Skip every picture and copy only the lines from the one containing "老鼠的简笔画怎么画(老鼠的简笔画怎么画最简单的) 老鼠的" to the final line of the records below.

[Records from a collection]

((

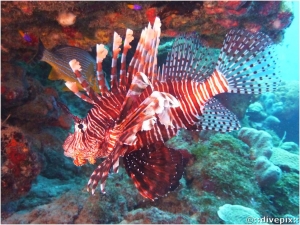 Red Lionfish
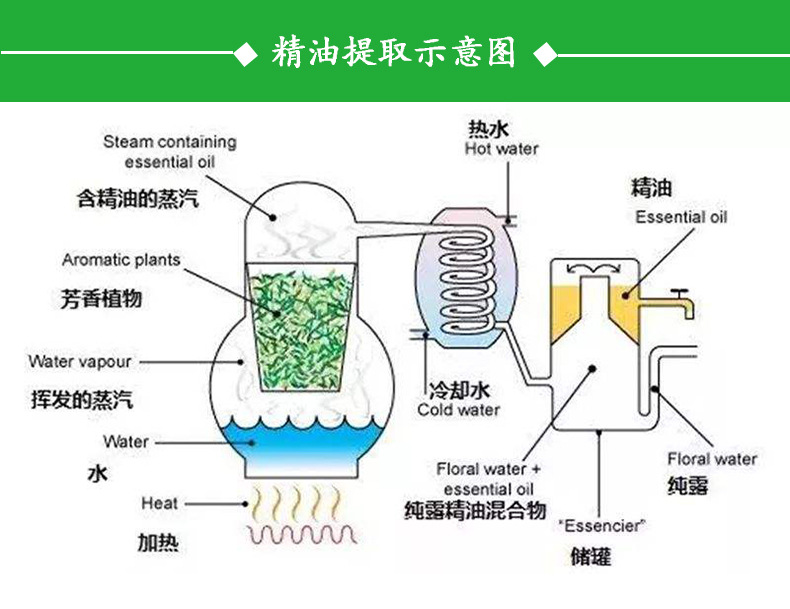 精油提取流程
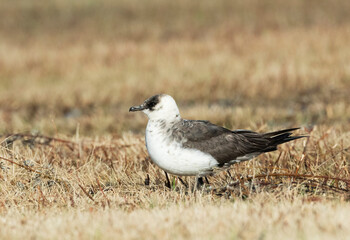 Kleine Jager, Arctic Skua, Stercorarius parasiticus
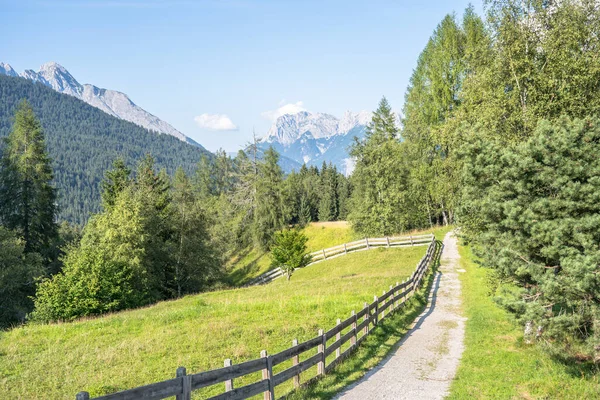 Piękna Alpejska Łąka Górach Latem — Zdjęcie stockowe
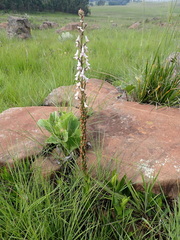 Disa aconitoides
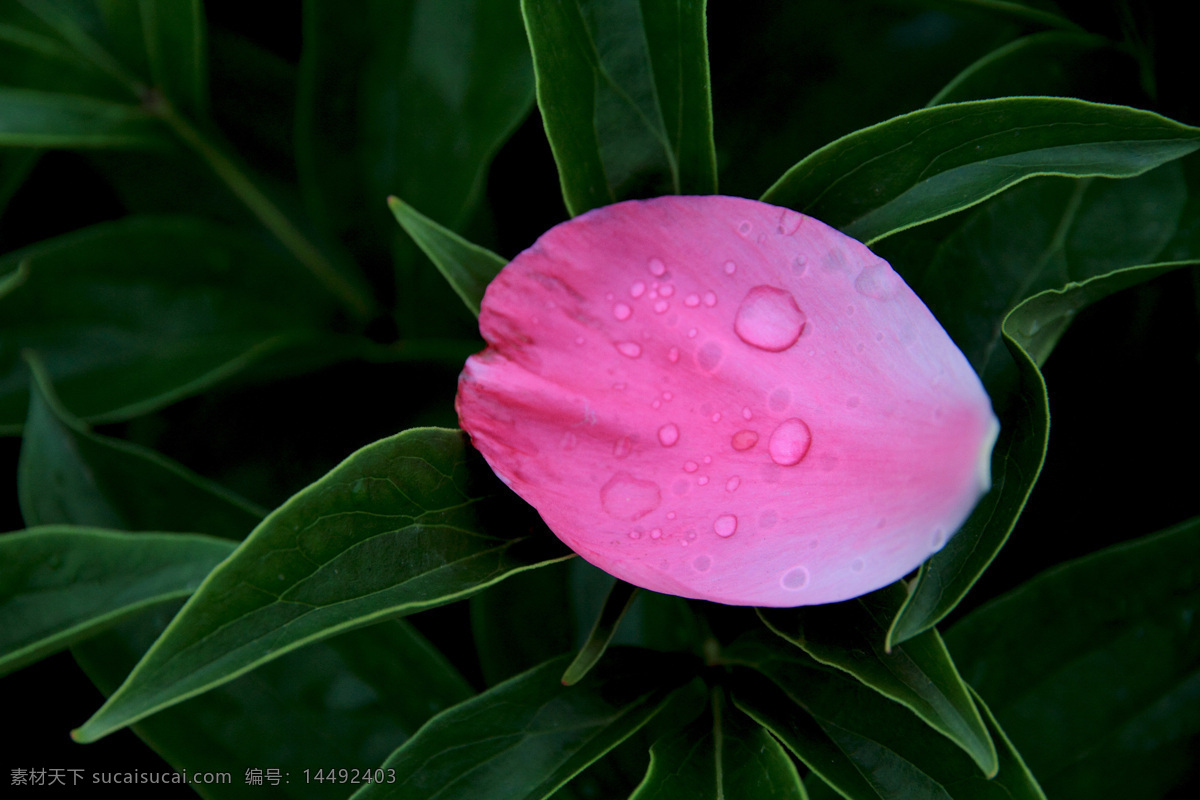 花瓣 花与露 落红 花叶 露珠 雨露 绿叶 芍药花 落花 花草 生物世界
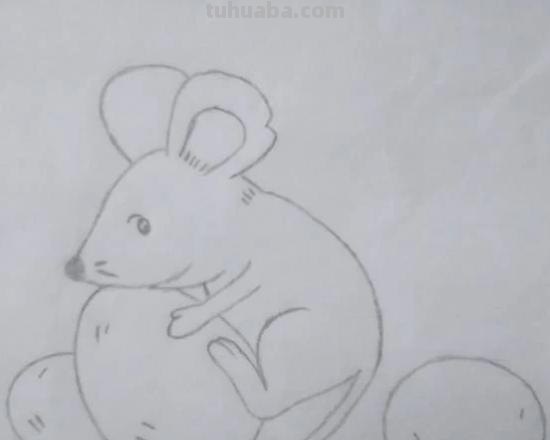 老鼠的简笔画怎么画(老鼠的简笔画怎么画最简单的) 老鼠的简笔画怎么画(老鼠的简笔画怎么画最简单的)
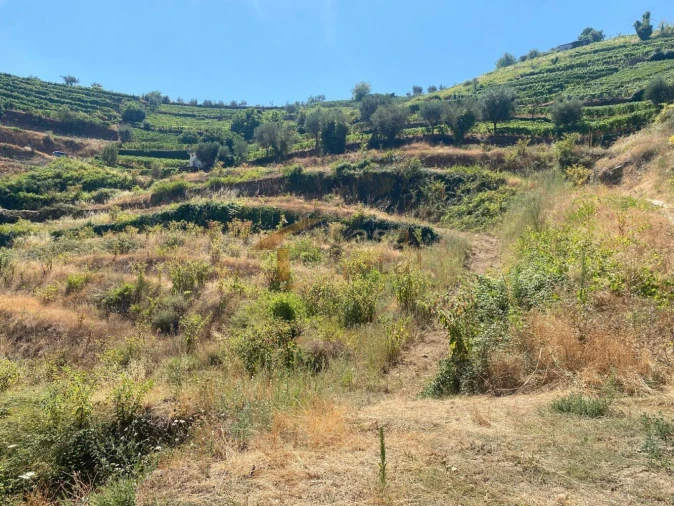 Quinta T0 para Venda em Lobrigos (São Miguel e São João Baptista) e Sanhoane Foto 13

))

TASK ANSWER
 老鼠的简笔画怎么画(老鼠的简笔画怎么画最简单的) 老鼠的简笔画怎么画(老鼠的简笔画怎么画最简单的)
 Quinta T0 para Venda em Lobrigos (São Miguel e São João Baptista) e Sanhoane Foto 13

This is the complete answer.